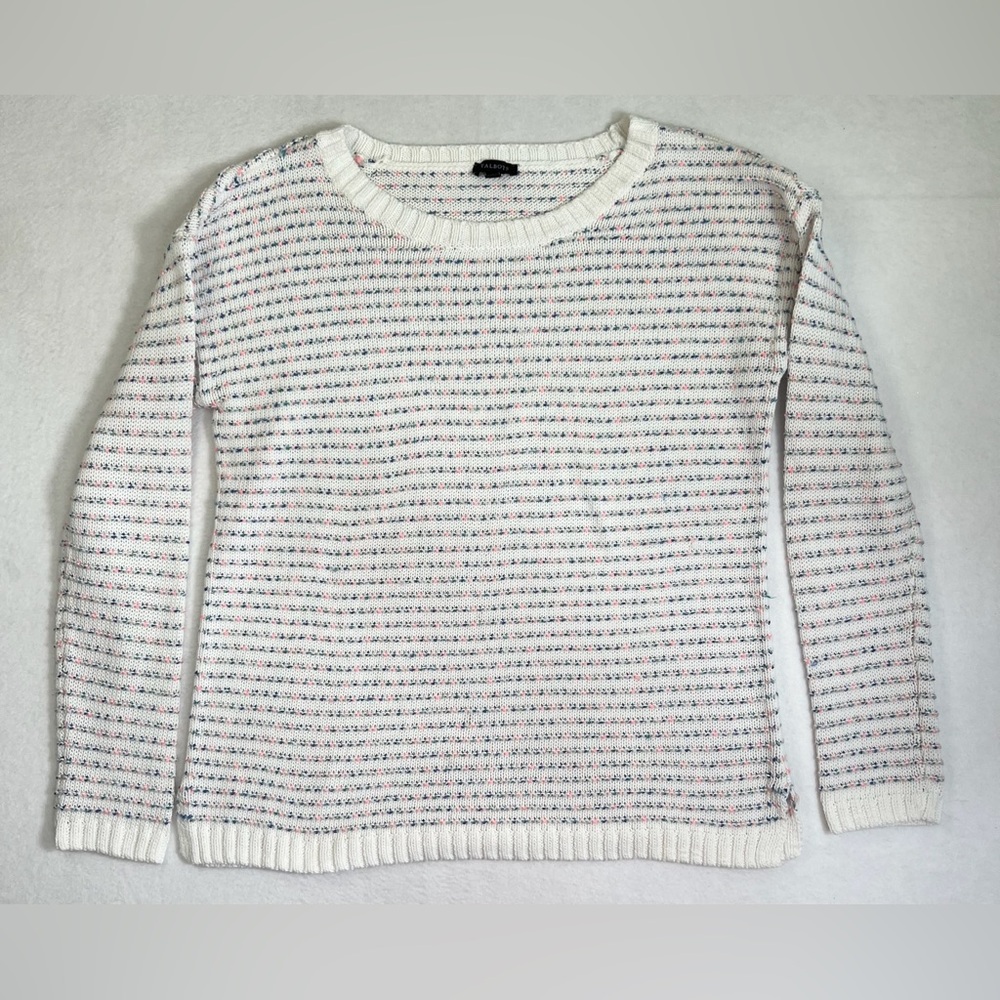TALBOTS Women’s Open Stitch Striped Cotton Blend Knit Pastel Sweater Size Small‎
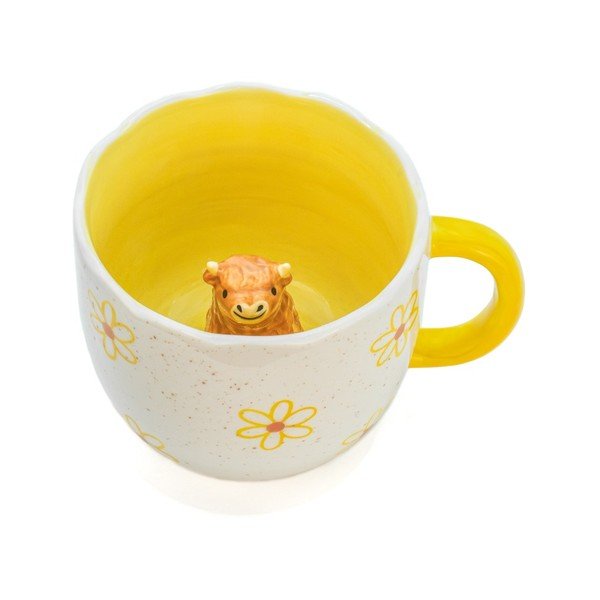 Kollane/kreem portselanist kruus 350 ml Surprise Highland Cow - Sass & Belle-image-2
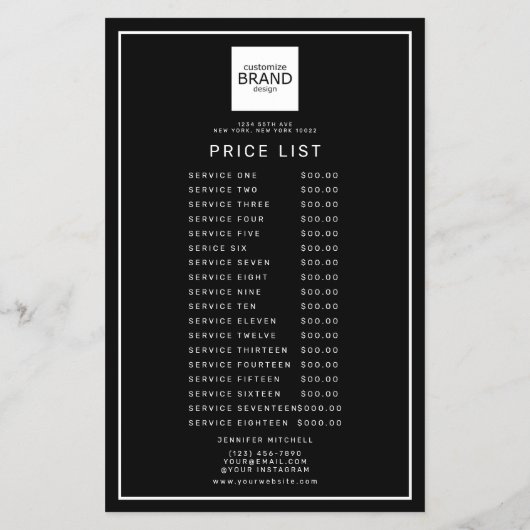 Berufliche Logoliste Schwarzer Schönheitspreis Flyer (Hinten)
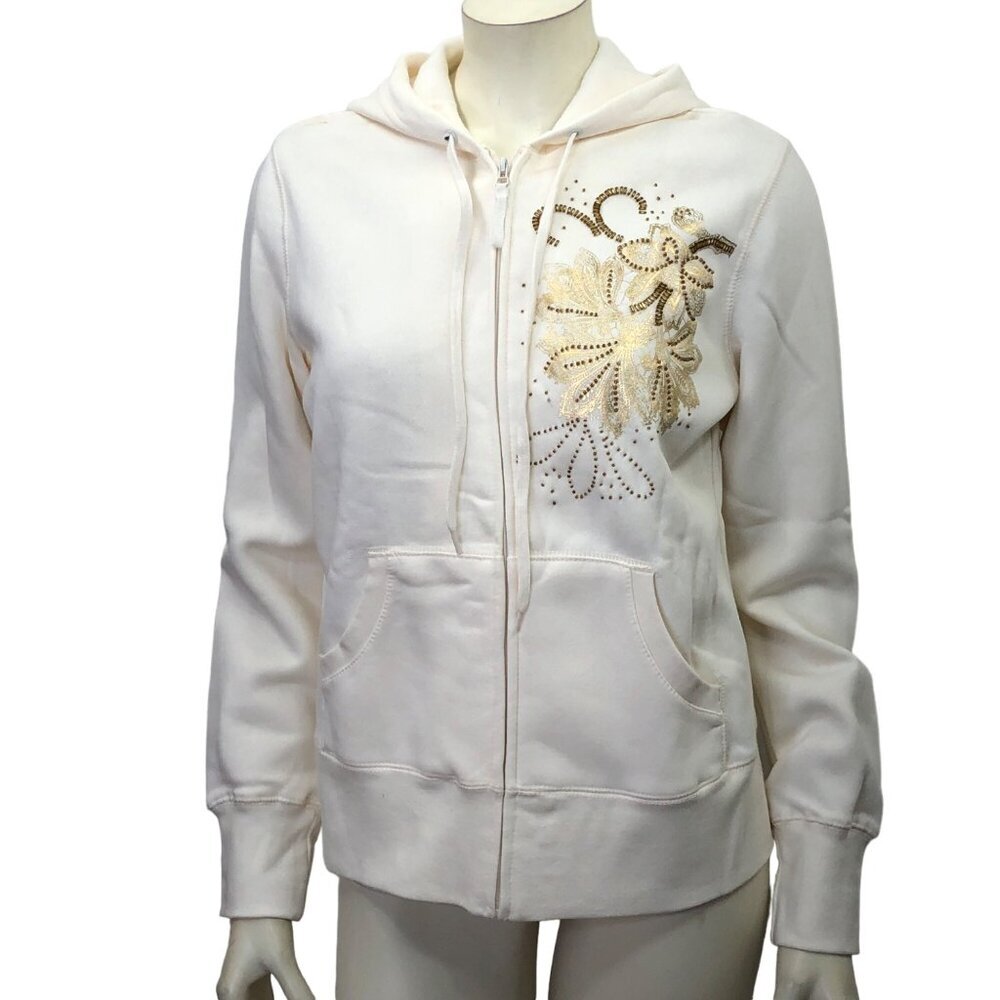 LAURA SCOTT FLEECE FULL ZIP IVORY HOODIE SM NWT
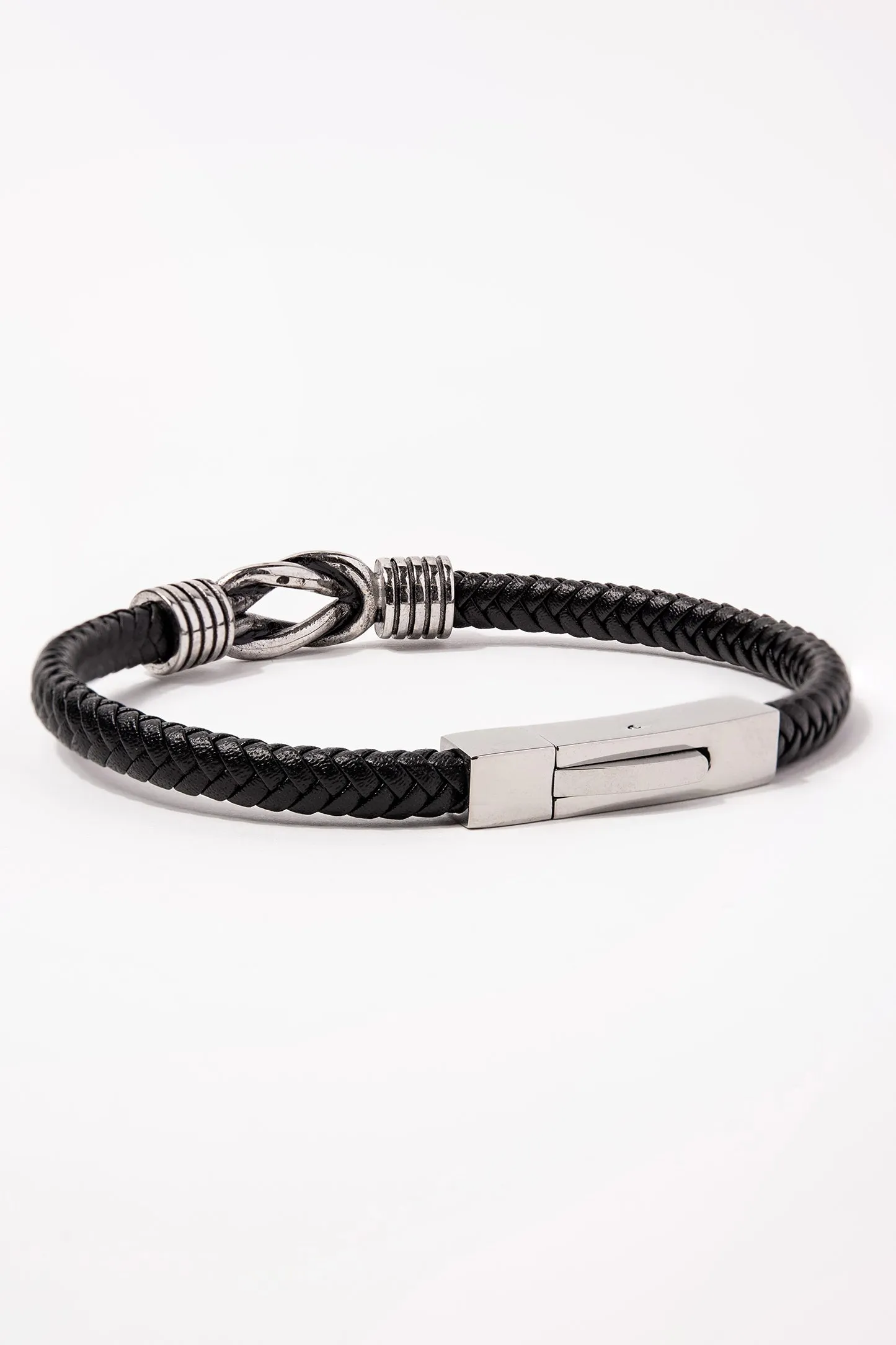 Stainless Steel Black Cord Bracelet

■ ■ ■ ■ ■

[Goal of the exercise]: Line by line, reproduce exactly the lines from the one containing "Berufliche Logoliste Schwarzer" through the final line of the material, both included, leaving every picture out.

[Result below]:
 Berufliche Logoliste Schwarzer Schönheitspreis Flyer (Hinten)
 LAURA SCOTT FLEECE FULL ZIP IVORY HOODIE SM NWT
 Stainless Steel Black Cord Bracelet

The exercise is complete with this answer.